#### About this task
Which lines below fall between the one containing "Opbevaringsskab Med Hylde" and the one containing "HERMES UN JARDIN"? Repeat them exactly, counting both of those lines, and add nothing else.

#### Task inputs

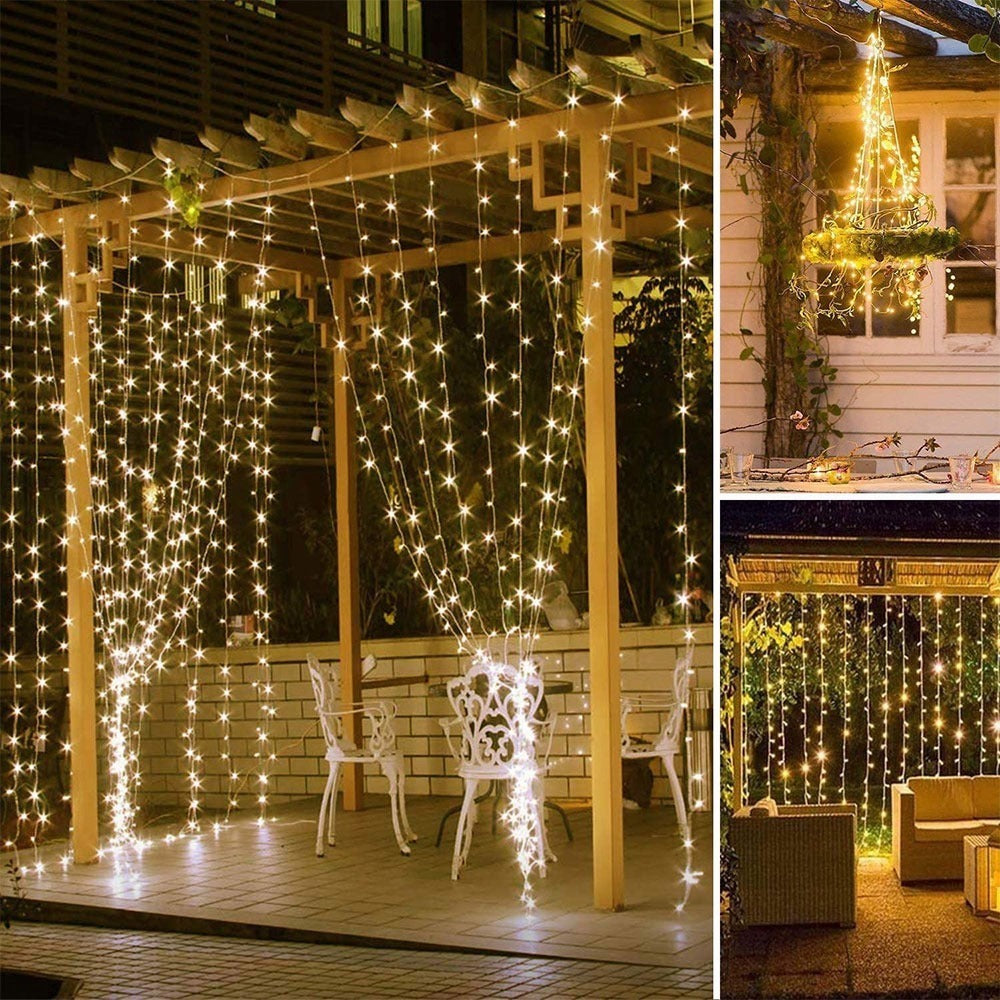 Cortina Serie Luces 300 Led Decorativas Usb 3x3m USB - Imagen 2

==

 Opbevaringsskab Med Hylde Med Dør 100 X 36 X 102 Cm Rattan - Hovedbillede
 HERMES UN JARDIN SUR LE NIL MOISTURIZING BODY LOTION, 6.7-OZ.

#### Your solution
 Opbevaringsskab Med Hylde Med Dør 100 X 36 X 102 Cm Rattan - Hovedbillede
 HERMES UN JARDIN SUR LE NIL MOISTURIZING BODY LOTION, 6.7-OZ.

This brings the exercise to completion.